The Fed will most likely prefer to see better growth before hiking rates; real GDP growth slowed to just 1% at an annual rate in Q4 but seems to have picked up to above 2% in the first quarter. Certainly recession risks have abated in recent weeks as US data has surprised to the high side and financial conditions have improved substantially, thus reversing the tightening seen in January and February. Moreover, the industrial sector is probably at an inflection point too; the most recent ISM manufacturing survey increased substantially and is expected to move back above the 50 level before too long.
Officials may still want to take some more time to assess the spillover effects from the tightening in financial conditions seen earlier this year. The global growth outlook is a cause for concern too and as such we do not expect the statement to reintroduce the balance of risk assessment that was taken out of the January statement. By contrast, if the statement says that the balance of risks are “nearly balanced”, it would be a strong indication that the Committee is paving the way for an interest rate hike within the next few meetings.

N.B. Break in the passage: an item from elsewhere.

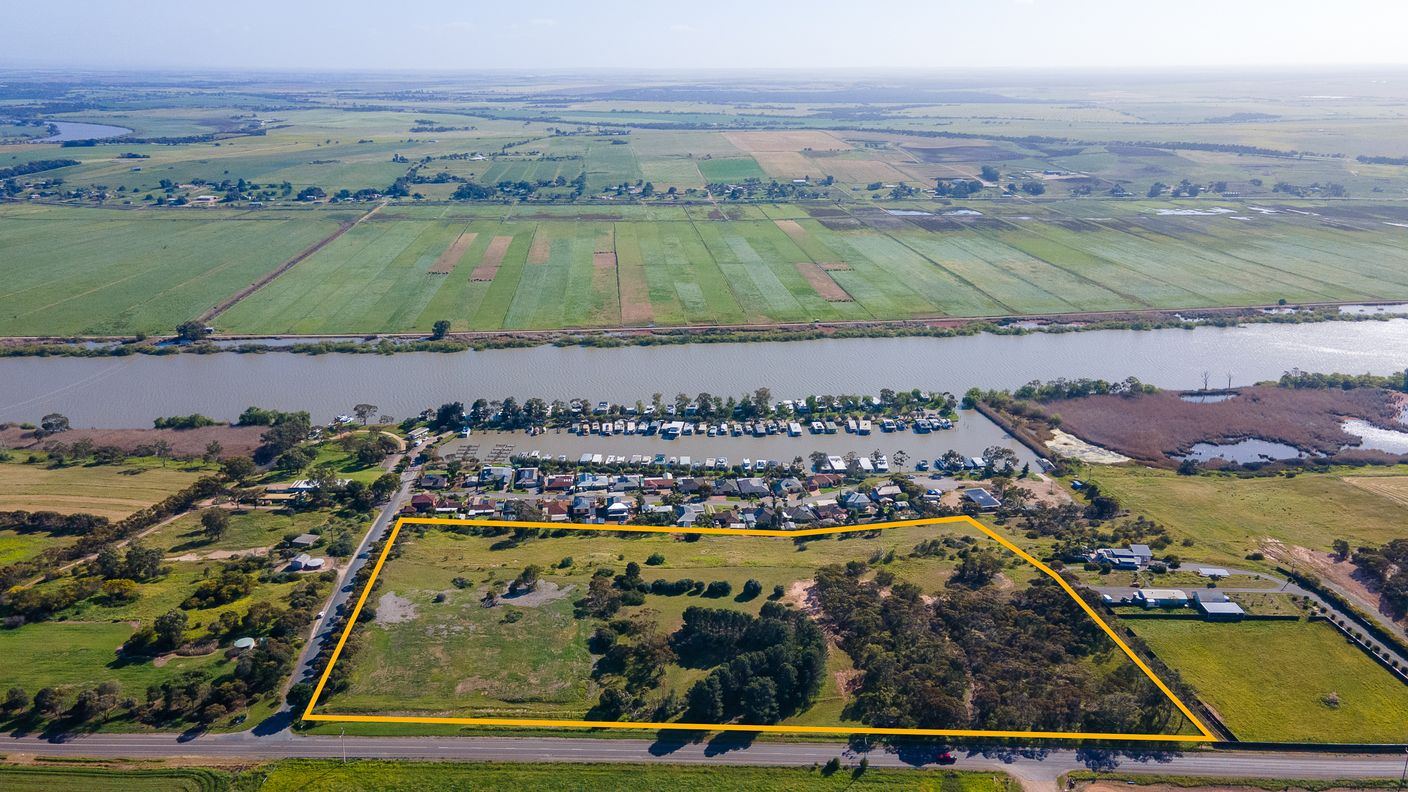 126/Marina View Road — photo from Raine & Horne Murraylands RLA 145239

Many Fed officials have tied their forecasts of gradual interest rate hikes to inflation making progress towards the target. As such, recent news suggesting that core inflation is accelerating is an important piece of the puzzle. Core CPI inflation is well above 2% already while core PCE inflation is heading up too. Since core PCE inflation is already a tenth higher than the Fed’s year end forecast so the Fed may well need to revise its core inflation forecast higher in its new March projections, despite holding rates steady. While recent inflation readings have been on the high side, inflation expectations are still depressed.
In its December projections, the Fed was expecting the unemployment rate to hold steady at 4.7% in 2016, 2017 and 2018 respectively. Such stability just below the NAIRU level is pretty much unprecedented in the postwar period. Only on one occasion, in the late 1960s, can we find an episode that comes close. Instead what usually happens is that that the unemployment rate leveling out before moving sharply higher as the economy moves into the next recession. Markets aren’t pricing a recession in the cards, neither this year nor the next. Instead most participants find it likely that the unemployment rate will drop further below the NAIRU, although the rate of decline going forward will probably be much slower compared to the rapid decline seen in the past several years.
Over the past six months or so, discouraged people are returning to the labor force thus pushing the participation rate higher. This is why the strong job growth seen lately has not pushed the unemployment rate down much. In a nutshell, rising participation rates mean more competition for available jobs, which in turn suggests that wage pressures may be contained for longer even though the unemployment rate already falls within the Fed’s 4.8/5.0% NAIRU range. While the Fed still would need to hike rates, at the margin the risk of the labor market overheating is looking smaller now which is good news.
Technical & Trading Takeaways
From a technical and trading perspective the price action continues to develop in a complex consolidation pattern which has been frustrating bulls and bears since this time last year. We are still rotating around the apex of the pattern, against 98.50 the horizontal blue line on the chart, I would anticipate further exploration of the downside retesting 95.28 en-route to an ideal 94.00 symmetry swing objective. A bounce from the 94.00 level should meet resistance on a retest of the apex from below between 96.00/97.00 I will monitor intraday reversal patterns should this probable price path play out, setting shorts to target a full retest of the consolidation support at 92.50. A move through 98.50 against the current swing lows at 96.00 will negate this set up and I will reassess and update in the next report.